Mycobacterium chelonae Peritonitis in a Patient on Peritoneal Dialysis

Abstract

Non-tuberculous mycobacteria peritonitis is uncommon with the majority of cases reported in patients on peritoneal dialysis with diagnostic and therapeutic challenges. Here we present a case of Mycobacterium chelonae peritonitis and review other cases in the literature to discuss the clinical spectrum, diagnostics, regimens and duration of treatment, and outcome.

Keywords:

• Mycobacterium chelonae
• non-tuberculous mycobacterium
• peritonitis
• peritoneal dialysis

INTRODUCTION

Peritoneal dialysis (PD)-associated peritonitis caused by Mycobacterium species is well documented but uncommon.[1] The majority of cases have been caused by M. tuberculosis and reported in Asia. However, cases caused by non-tuberculous mycobacteria (NTM) also occur and may pose diagnostic and therapeutic challenges.[1–3] We report a case of PD-associated peritonitis caused by M. chelonae.

CASE REPORT

A 45-year-old woman was diagnosed with end-stage renal disease caused by lupus nephritis in 1991. She had been on hemodialysis for seven years but was switched to continuous ambulatory PD because of arteriovenous shunt failure. Her systemic lupus erythematosus was adequately controlled with prednisolone 10 mg per day and hydroxychloroquine 200 mg twice a day.

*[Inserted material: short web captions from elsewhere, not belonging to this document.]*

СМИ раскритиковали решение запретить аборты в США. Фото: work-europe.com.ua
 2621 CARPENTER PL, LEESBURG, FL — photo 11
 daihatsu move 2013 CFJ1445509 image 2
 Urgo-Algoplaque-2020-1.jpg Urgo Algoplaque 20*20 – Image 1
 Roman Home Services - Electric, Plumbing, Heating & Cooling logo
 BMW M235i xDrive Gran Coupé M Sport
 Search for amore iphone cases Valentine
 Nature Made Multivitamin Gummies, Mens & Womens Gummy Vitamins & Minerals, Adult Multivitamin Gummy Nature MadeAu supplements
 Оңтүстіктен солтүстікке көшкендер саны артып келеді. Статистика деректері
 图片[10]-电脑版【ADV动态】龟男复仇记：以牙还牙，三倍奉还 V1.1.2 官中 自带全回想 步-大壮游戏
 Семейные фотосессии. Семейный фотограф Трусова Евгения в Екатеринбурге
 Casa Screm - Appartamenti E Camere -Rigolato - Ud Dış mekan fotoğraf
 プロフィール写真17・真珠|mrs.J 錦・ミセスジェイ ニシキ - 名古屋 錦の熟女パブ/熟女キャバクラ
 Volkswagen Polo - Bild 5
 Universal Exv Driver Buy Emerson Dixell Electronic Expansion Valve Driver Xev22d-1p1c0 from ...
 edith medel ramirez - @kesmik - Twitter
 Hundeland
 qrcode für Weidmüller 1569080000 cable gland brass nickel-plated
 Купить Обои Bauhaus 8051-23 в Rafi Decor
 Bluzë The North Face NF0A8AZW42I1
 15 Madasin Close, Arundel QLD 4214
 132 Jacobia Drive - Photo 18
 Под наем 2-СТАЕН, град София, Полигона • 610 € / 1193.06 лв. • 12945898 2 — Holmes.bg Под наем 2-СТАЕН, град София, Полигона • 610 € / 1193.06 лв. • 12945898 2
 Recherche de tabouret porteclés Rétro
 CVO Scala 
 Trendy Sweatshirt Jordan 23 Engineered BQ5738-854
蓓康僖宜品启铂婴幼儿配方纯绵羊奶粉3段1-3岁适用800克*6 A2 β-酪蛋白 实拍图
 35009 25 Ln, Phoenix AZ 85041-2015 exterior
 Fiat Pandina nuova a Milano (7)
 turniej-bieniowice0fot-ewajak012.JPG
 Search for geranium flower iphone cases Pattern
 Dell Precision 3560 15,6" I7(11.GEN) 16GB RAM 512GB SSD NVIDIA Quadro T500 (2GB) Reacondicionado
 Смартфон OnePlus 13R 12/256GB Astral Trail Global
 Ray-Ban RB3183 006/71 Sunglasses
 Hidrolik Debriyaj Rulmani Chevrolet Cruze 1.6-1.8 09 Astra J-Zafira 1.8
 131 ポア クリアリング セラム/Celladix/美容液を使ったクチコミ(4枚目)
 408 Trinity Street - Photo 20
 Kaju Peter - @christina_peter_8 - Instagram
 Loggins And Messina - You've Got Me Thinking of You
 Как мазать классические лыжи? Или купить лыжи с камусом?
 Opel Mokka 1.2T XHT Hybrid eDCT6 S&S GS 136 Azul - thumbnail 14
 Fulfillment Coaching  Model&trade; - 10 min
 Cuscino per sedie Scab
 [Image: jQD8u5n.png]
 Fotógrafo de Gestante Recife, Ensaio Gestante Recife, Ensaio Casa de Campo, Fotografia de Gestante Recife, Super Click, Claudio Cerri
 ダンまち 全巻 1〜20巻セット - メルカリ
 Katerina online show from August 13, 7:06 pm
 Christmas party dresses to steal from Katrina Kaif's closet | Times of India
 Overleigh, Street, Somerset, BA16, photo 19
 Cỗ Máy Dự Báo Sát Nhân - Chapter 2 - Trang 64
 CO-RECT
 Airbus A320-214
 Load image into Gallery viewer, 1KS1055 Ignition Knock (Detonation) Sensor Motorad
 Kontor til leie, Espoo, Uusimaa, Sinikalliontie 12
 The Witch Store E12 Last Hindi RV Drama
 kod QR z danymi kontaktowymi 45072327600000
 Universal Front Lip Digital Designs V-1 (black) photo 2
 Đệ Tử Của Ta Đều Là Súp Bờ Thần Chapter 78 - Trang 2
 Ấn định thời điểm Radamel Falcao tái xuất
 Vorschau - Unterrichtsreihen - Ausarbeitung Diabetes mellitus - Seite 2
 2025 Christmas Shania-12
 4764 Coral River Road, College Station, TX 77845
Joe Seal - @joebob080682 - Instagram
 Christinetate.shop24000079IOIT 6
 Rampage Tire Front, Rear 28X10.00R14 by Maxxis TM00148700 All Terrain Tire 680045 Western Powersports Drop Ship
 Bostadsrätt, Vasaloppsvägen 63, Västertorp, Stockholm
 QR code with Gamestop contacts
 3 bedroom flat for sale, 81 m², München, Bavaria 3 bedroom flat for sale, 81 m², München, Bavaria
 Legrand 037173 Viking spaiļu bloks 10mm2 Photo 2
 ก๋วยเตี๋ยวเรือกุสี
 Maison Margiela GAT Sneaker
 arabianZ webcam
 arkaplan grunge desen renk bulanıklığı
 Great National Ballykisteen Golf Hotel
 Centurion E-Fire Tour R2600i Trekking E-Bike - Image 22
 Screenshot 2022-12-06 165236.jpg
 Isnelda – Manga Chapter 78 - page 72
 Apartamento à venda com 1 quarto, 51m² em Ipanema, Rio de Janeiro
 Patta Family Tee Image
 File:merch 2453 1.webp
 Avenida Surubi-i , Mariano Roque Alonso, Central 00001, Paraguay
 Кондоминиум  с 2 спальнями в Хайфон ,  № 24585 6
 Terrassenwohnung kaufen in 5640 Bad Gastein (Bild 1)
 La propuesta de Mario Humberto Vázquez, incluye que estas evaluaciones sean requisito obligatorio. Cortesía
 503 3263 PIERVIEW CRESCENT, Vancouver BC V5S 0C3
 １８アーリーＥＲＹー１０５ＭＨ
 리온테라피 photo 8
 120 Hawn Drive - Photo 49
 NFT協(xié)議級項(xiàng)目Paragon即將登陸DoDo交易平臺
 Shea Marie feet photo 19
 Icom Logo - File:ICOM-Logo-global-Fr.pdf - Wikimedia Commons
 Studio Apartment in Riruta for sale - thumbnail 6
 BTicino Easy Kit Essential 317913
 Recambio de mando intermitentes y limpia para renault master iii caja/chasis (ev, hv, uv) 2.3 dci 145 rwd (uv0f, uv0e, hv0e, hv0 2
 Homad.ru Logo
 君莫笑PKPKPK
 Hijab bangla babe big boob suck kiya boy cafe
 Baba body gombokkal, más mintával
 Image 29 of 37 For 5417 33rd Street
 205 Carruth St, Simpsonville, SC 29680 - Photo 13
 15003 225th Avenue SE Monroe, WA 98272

She developed purulent discharge at the exit site of the Tenckhoff tube, without erythema or granuloma. The peritoneal dialysate fluid was grossly clear. There was no peritoneal tenderness, fever, or other systemic signs. An initial culture of the pus grew methicillin-resistant Staphylococcus aureus, which was treated with intravenous vancomycin 1 gm per week. The discharge persisted for a month, however, so oral rifampicin 300 mg per day was added to the vancomycin. Repeat cultures had no growth the first two times and then Corynebacterium on a third set. Three months after the discharge began, with no improvement on antibiotics, the Tenckhoff tube was removed and a new one implanted. Cefazolin was given post-operatively.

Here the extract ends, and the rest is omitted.